Adding input to the compiler

First, we’ll add a function to the C runtime to read a number:

uint64_t read_num() {
  int r;
  scanf("%d", &r);
  return (uint64_t)(r) << num_shift;
}

We’ll need to let the assembler know that the read_num label is defined in the runtime:

let compile (program : s_exp) : string =
  [ Global "entry"
  ; Extern "error"
  ; Extern "read_num"
  ; Label "entry" ]
  @ compile_exp Symtab.empty (-8) program
  @ [Ret]
  |> List.map string_of_directive
  |> String.concat "\n"

Now we need to actually compile the (read-num) form into a call to this function. In our error-handling code, we were able to “call” C functions just by jumping to the right label. Fundamentally that’s still what’s going to happen, but we’re going to need to do some additional work to make sure our program can keep executing after the function call:

  • read_num might use the rdi register where our heap pointer lives. We’ll need to save the heap pointer to the stack before read_num starts executing.
  • Speaking of the stack, we’ve been writing to stack locations like [rsp - 8], [rsp - 16], etc. read_num might also want to write to [rsp - 8], which will be a problem since we might have data there! The solution is to adjust rsp and restore it after the call.
  • We haven’t modified memory at [rsp + 0] because that’s where our function’s return address is–when we call ret, the processor resumes operations at that address.
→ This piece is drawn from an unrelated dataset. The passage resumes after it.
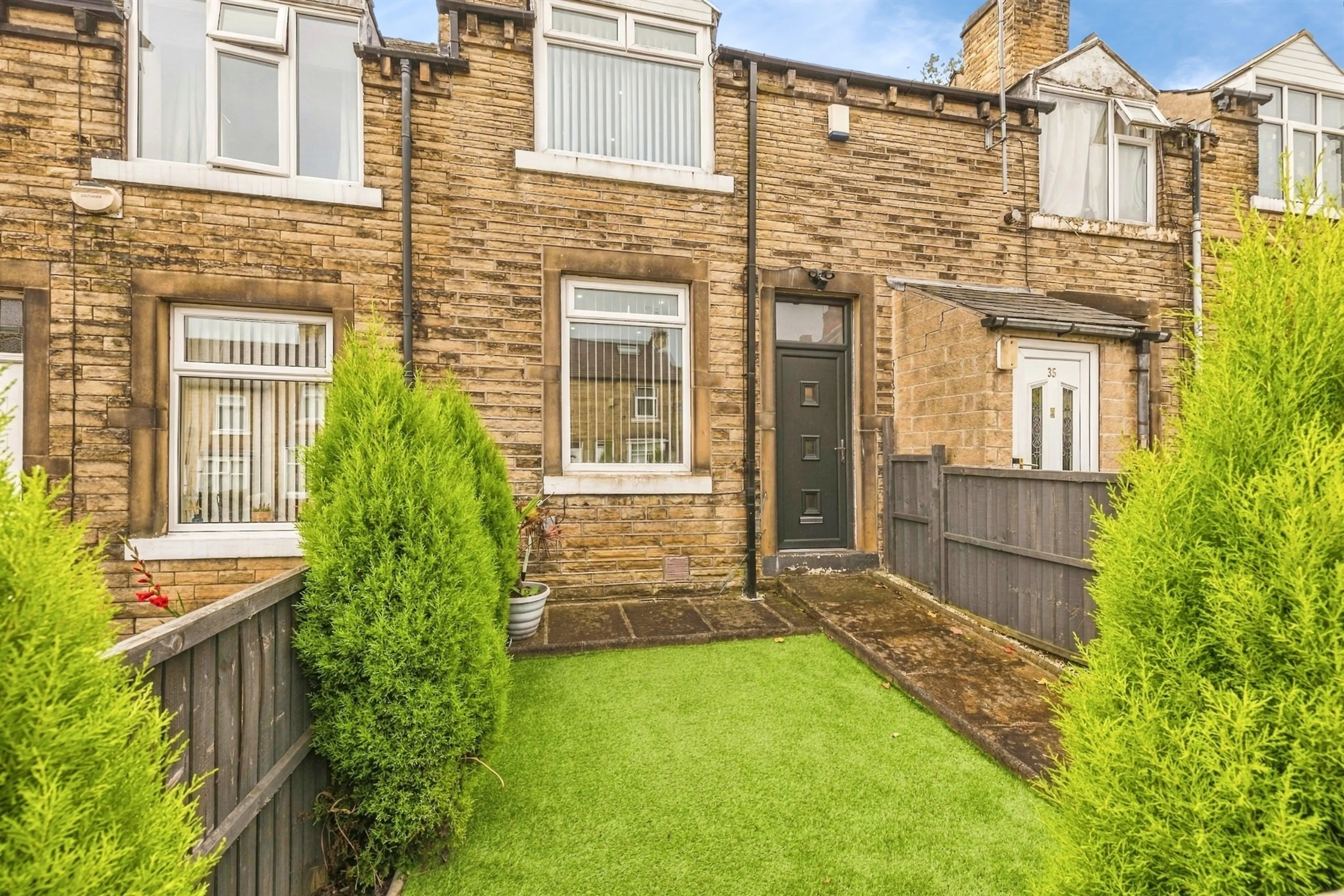 Property at Bleasdale Avenue, Birkby, Huddersfield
Instead of calling read_num using jmp, we’ll use call, which will put the new return address on the top of the stack.
  • Finally: C functions on x86-64 require that when they start executing, rsp (the location of the return address) is a multiple of 16. So, we’ll need to further adjust rsp to make sure this property holds.

Here’s the code we end up with:

let align_stack_index (stack_index : int) : int =
  if stack_index mod 16 = -8 then stack_index else stack_index - 8

let rec compile_exp (tab : int symtab) (stack_index : int) (exp : s_exp) :
    directive list =
  match exp with
  | Lst [Sym "read-num"] ->
      [ Mov (stack_address stack_index, Reg Rdi)
      ; Add (Reg Rsp, Imm (align_stack_index stack_index))
      ; Call "read_num"
      ; Sub (Reg Rsp, Imm (align_stack_index stack_index))
      ; Mov (Reg Rdi, stack_address stack_index) ]
  (* ... *)

See the lecture capture for an explanation of why this works, including some worked examples.